> ACTIVITY
Once the pictures are set aside, reproduce all of the records exactly.

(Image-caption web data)
-- Opening Marker --

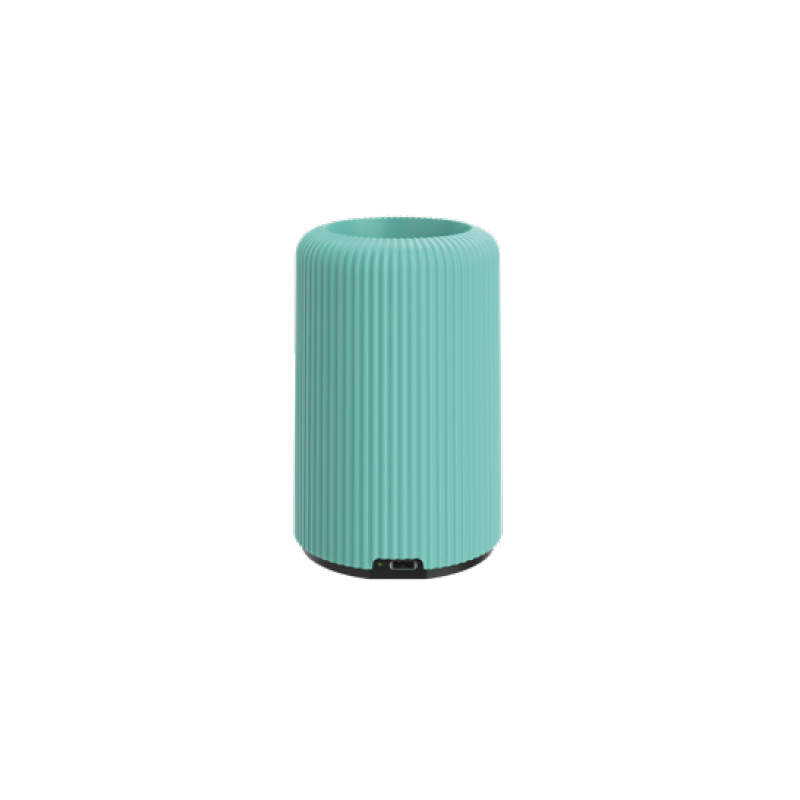 Socle Nomad Turquoise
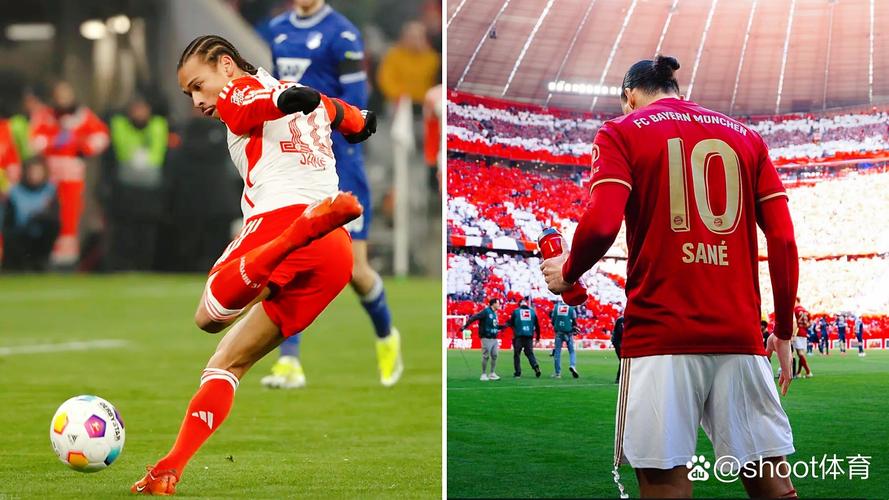 法尔克:拜仁再次开始关注弗拉霍维奇,明夏可以免签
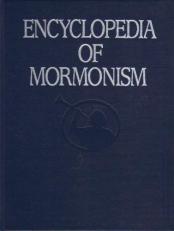 Encyclopedia of Mormonism 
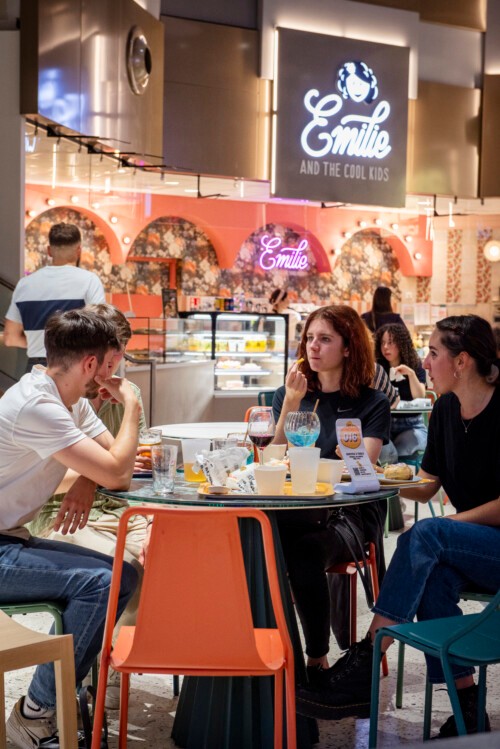 FOODCOURT_ – ©LePalaisNancy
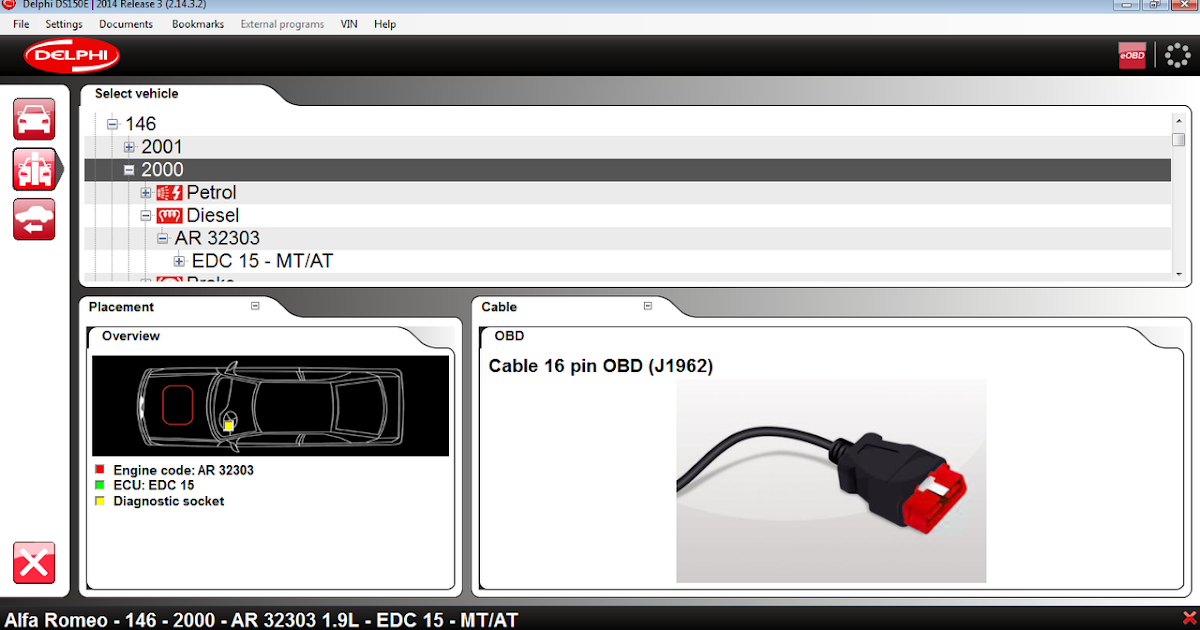 Delphi Ds150e 2014 R3 Keygen Download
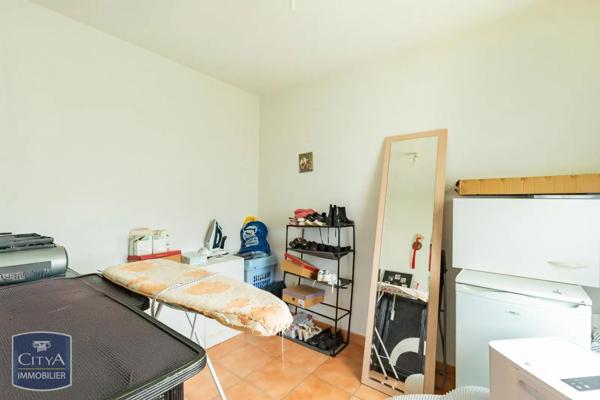 Appartement à vendre 3 pièces
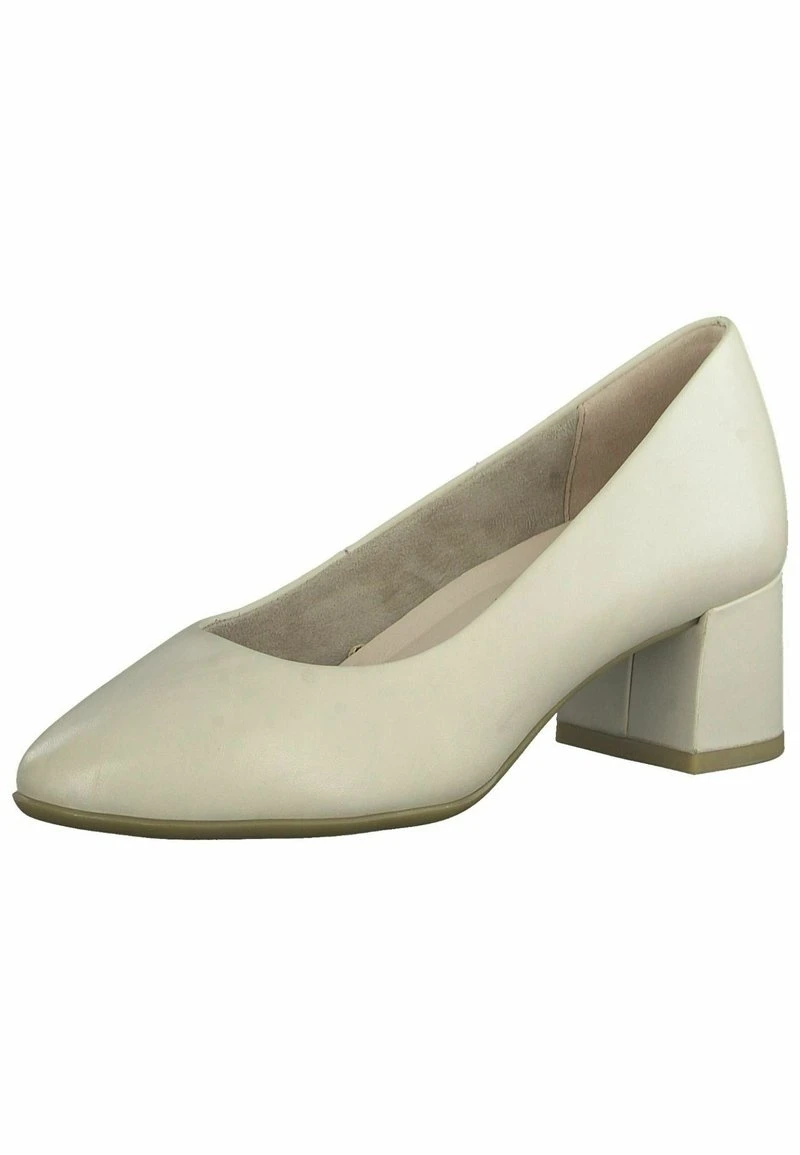 Tamaris Pumps - Ivory 4 Tamaris Pumps - Ivory – Bild 2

-- Closing Marker --

> REPLY TO THE TASK
 Socle Nomad Turquoise
 法尔克:拜仁再次开始关注弗拉霍维奇,明夏可以免签
 Encyclopedia of Mormonism 
 FOODCOURT_ – ©LePalaisNancy
 Delphi Ds150e 2014 R3 Keygen Download
 Appartement à vendre 3 pièces
 Tamaris Pumps - Ivory 4 Tamaris Pumps - Ivory – Bild 2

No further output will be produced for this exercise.